Details of the disappearance were described in documents obtained or reviewed by the AP, plus interviews over several years with dozens of current and former US and foreign officials close to the search for Mr Levinson.

There is no confirmation of who captured Mr Levinson or who might be holding him now. Although US authorities have investigated possible involvement of drug traffickers or terrorists, most officials say they believe Iran either holds him or knows who does.

The AP first confirmed Mr Levinson’s CIA ties in 2010 and continued reporting to uncover more details. It agreed three times to delay publishing the story because the US government said it was pursuing promising leads to get him home.
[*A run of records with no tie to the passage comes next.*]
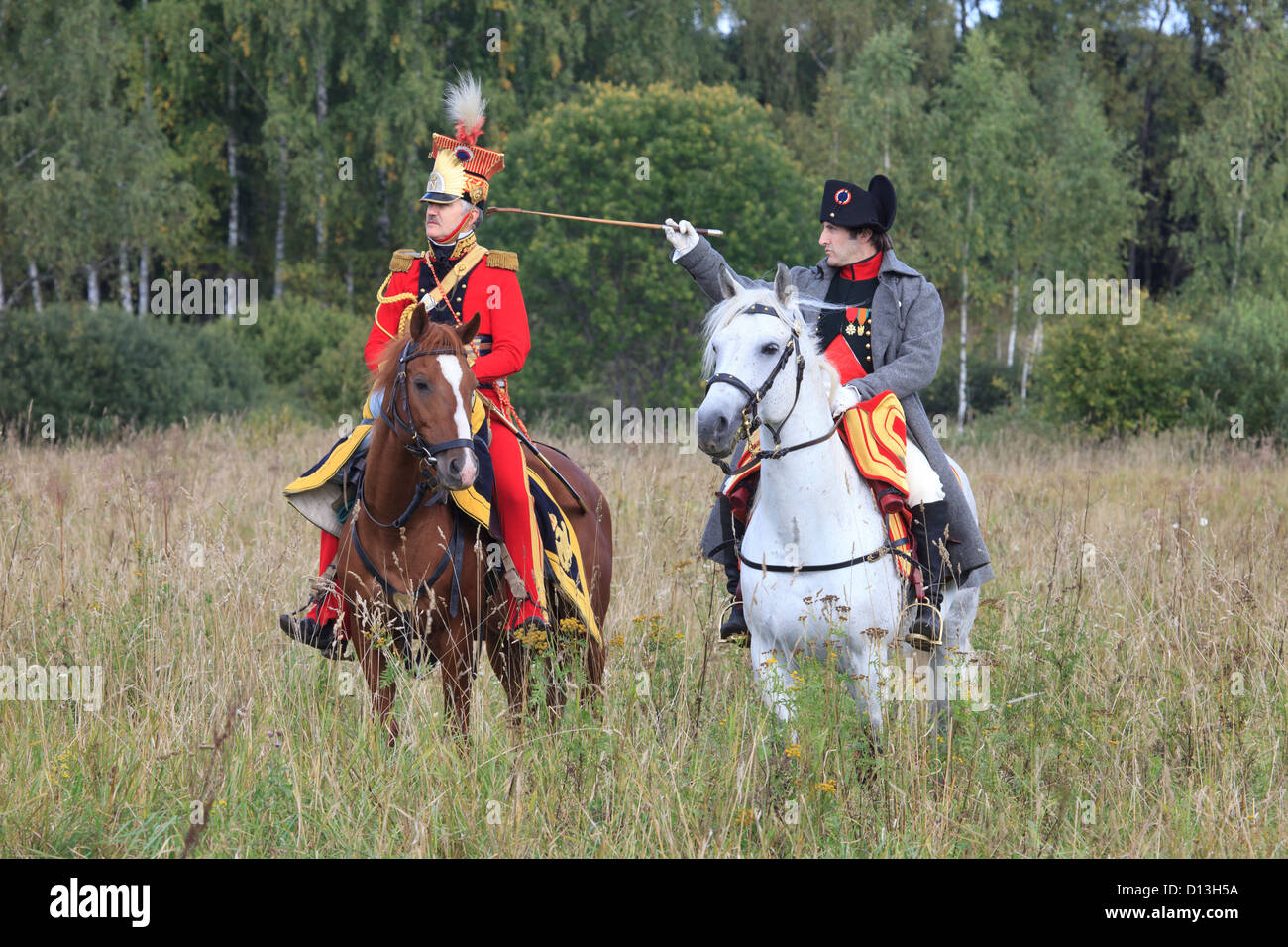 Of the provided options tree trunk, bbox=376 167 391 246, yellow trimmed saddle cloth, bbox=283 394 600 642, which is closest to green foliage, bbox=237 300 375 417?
tree trunk, bbox=376 167 391 246

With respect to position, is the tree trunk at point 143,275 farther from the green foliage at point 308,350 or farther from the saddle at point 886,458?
the saddle at point 886,458

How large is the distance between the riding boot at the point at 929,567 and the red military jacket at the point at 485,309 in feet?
6.09

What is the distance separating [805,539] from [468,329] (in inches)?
59.5

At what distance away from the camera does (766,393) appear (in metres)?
4.30

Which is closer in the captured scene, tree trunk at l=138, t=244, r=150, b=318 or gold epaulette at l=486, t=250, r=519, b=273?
gold epaulette at l=486, t=250, r=519, b=273

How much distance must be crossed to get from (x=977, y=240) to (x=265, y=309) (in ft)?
51.7

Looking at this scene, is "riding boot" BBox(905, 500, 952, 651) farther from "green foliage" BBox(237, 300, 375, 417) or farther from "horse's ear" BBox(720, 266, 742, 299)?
"green foliage" BBox(237, 300, 375, 417)

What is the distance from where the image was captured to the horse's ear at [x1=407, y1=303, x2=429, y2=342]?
4.52 m

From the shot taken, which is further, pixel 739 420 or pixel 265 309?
pixel 265 309

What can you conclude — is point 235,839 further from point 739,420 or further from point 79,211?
point 79,211

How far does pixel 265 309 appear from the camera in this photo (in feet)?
88.0

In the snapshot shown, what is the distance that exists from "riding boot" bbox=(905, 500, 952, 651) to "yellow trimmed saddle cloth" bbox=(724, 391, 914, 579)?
72 mm

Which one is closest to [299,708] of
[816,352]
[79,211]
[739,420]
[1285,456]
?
[739,420] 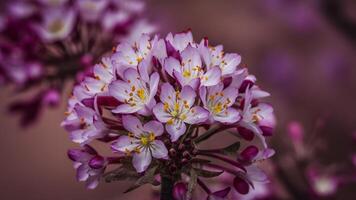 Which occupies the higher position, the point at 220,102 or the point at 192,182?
the point at 220,102

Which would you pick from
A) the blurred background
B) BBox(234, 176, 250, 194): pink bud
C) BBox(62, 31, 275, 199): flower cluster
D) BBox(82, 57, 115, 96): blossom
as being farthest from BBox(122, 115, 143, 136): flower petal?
the blurred background

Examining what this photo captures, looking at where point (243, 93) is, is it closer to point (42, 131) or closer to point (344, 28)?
→ point (344, 28)

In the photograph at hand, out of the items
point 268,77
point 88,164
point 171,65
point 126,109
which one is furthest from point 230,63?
point 268,77

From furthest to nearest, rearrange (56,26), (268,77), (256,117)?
(268,77) < (56,26) < (256,117)

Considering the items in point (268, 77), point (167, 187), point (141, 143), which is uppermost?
point (141, 143)

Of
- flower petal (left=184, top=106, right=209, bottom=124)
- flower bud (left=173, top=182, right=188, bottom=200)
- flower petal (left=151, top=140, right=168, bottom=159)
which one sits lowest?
flower bud (left=173, top=182, right=188, bottom=200)

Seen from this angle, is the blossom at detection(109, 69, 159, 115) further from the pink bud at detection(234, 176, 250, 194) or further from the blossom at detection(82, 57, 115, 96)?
the pink bud at detection(234, 176, 250, 194)

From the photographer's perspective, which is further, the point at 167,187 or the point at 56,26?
the point at 56,26

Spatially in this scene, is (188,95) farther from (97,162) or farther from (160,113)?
(97,162) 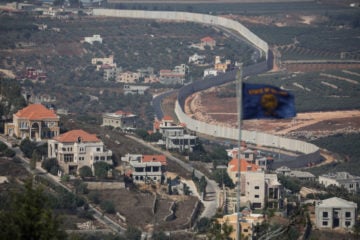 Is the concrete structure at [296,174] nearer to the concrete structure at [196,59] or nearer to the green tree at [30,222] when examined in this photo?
the green tree at [30,222]

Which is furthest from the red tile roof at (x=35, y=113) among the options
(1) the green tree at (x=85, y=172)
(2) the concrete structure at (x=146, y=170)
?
(1) the green tree at (x=85, y=172)

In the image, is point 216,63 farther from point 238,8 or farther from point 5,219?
point 5,219

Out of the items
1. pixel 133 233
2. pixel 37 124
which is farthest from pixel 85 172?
pixel 133 233

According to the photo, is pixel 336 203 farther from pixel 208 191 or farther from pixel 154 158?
pixel 154 158

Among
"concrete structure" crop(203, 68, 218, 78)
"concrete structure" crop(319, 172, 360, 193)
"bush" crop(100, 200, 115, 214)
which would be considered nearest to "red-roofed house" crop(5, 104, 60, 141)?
"concrete structure" crop(319, 172, 360, 193)

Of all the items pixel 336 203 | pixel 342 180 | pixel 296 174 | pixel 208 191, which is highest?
pixel 336 203

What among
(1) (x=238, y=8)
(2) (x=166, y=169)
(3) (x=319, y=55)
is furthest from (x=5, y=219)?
(1) (x=238, y=8) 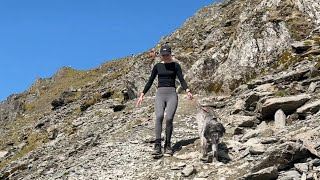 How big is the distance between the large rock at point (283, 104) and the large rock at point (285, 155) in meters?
4.76

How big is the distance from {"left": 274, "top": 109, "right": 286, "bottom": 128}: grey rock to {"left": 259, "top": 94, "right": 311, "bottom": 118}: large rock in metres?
0.28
The AP is reporting the story now because, nearly seven years after his disappearance, those efforts have repeatedly come up empty.

The government has not received any sign of life in nearly three years, and senior US officials say his captors almost certainly already know about his CIA association.

There has been no hint of Mr Levinson’s whereabouts since his family received proof-of-life photos and a video in late 2010 and early 2011. That prompted a hopeful burst of diplomacy between the United States and Iran, but as time dragged on, promising leads dried up and the trail went cold. Immediately after Mr Levinson’s disappearance in March 2007, the CIA acknowledged to Congress that he had previously done contract work for the agency.

But the CIA had no current relationship with him and there was no connection to Iran, the CIA assured lawmakers. But in October 2007 Mr Levinson’s lawyer discovered emails between him and a friend, Anne Jablonski, who worked at the CIA.

Before his trip, he told Ms Jablonski he was developing a source with access to the Iranian regime and could arrange a meeting in Dubai or an island nearby. The problem was, Mr Levinson’s contract was out of money and, though the CIA was working to authorise more, it had yet to do so.

“I would like to know if I do, in fact, expend my own funds to conduct this meeting, there will be reimbursement some time in the near future, or, if I should discontinue this, as well as any and all similar projects, until renewal time in May,” Mr Levinson wrote. There’s no evidence that Ms Jablonski ever responded to that email, and she says she has no recollection of receiving it. She said she had no idea he was going to Iran.

In a later email exchange, she advised him to keep talk about the money “among us girls” until it had been officially approved. Mr Levinson said he would try to make this trip as successful as previous ones, and promised to “keep a low profile”.

Mr Levinson’s flight landed on the island of Kish on March 8th, 2007 and checked into the Hotel Maryam, a few blocks off Kish’s eastern beaches. His source on Kish, Dawud Salahuddin, has said he met Mr Levinson for hours in his hotel room.

The island is a free-trade zone, meaning Americans do not need a visa to visit. Mr Salahuddin was an American fugitive wanted over the killing of a former Iranian diplomat in Maryland in 1980.

Since fleeing to Iran, Mr Salahuddin had become close to some in the Iranian government, particularly to those seen as reformers and moderates. The hotel’s registry, which Mr Levinson’s wife has seen, showed him checking out on March 9th. What happened to him next remains a mystery.